What to do: The entries are to be repeated exactly, with all pictures omitted.

==================================================

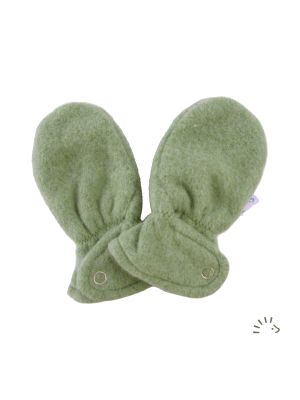 0153/Moos Green Melange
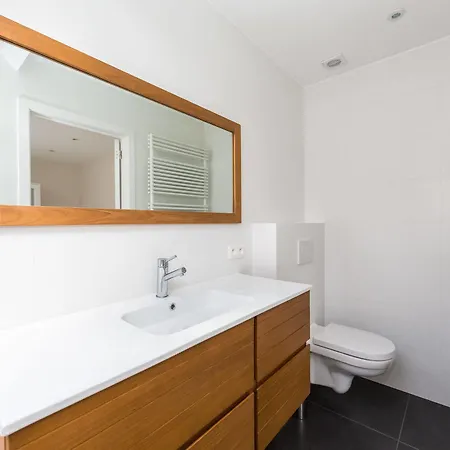 Apartamento Royal Botanique Bruselas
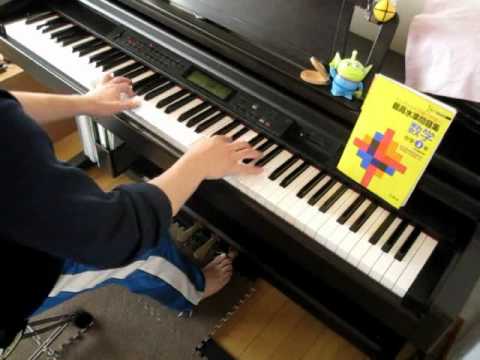 jubeat「Evans」ピアノで弾いてみた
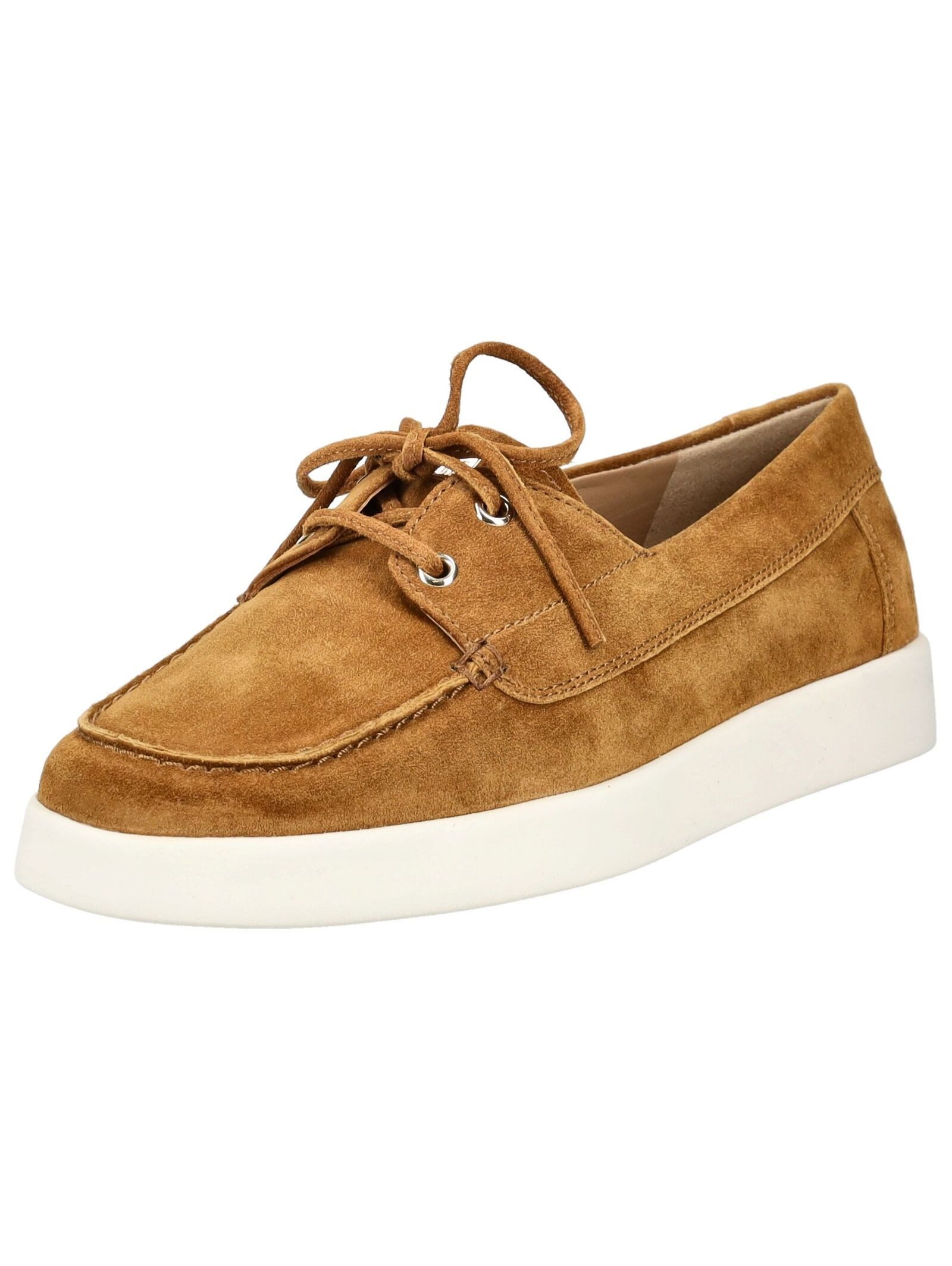 Högl Högl Halbschuhe Veloursleder Schnürschuh günstig online kaufen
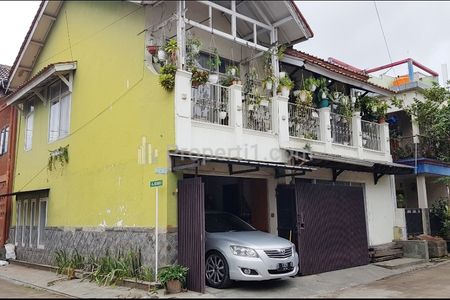 Rumah Dijual di Komplek Tanimulya Indah Dekat Borma Permata Cimahi, Pasar Atas Cimahi, Cimahi Mall, Alun-alun Cimahi, RSUD Cibabat Cimahi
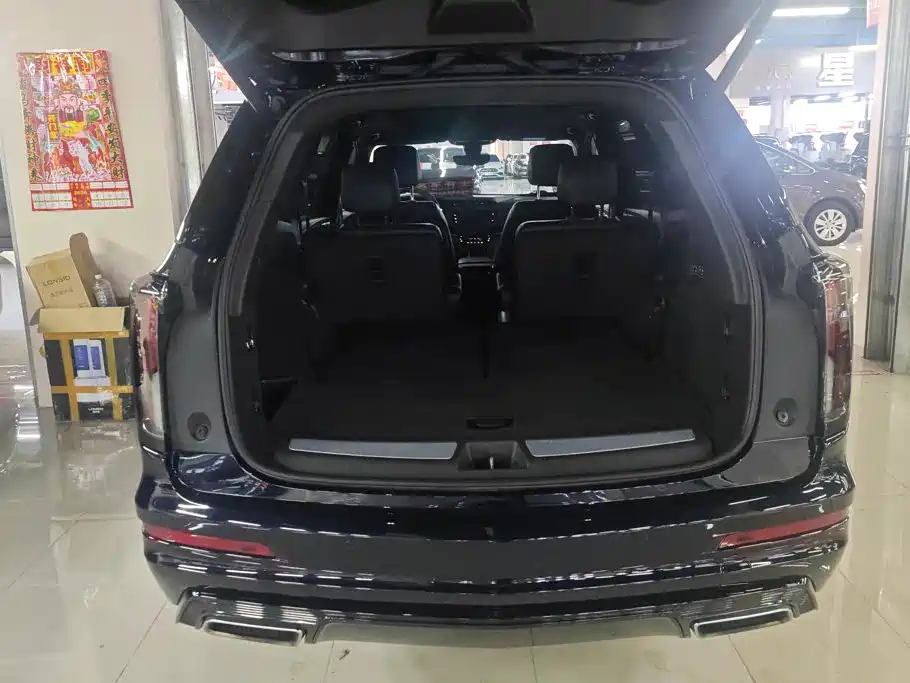Cadillac XT6 2019 2020 28T 6-Seater AWD Platinum Sport Edition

==================================================

Answer box:
 0153/Moos Green Melange
 Apartamento Royal Botanique Bruselas
 jubeat「Evans」ピアノで弾いてみた
 Högl Högl Halbschuhe Veloursleder Schnürschuh günstig online kaufen
 Rumah Dijual di Komplek Tanimulya Indah Dekat Borma Permata Cimahi, Pasar Atas Cimahi, Cimahi Mall, Alun-alun Cimahi, RSUD Cibabat Cimahi
Cadillac XT6 2019 2020 28T 6-Seater AWD Platinum Sport Edition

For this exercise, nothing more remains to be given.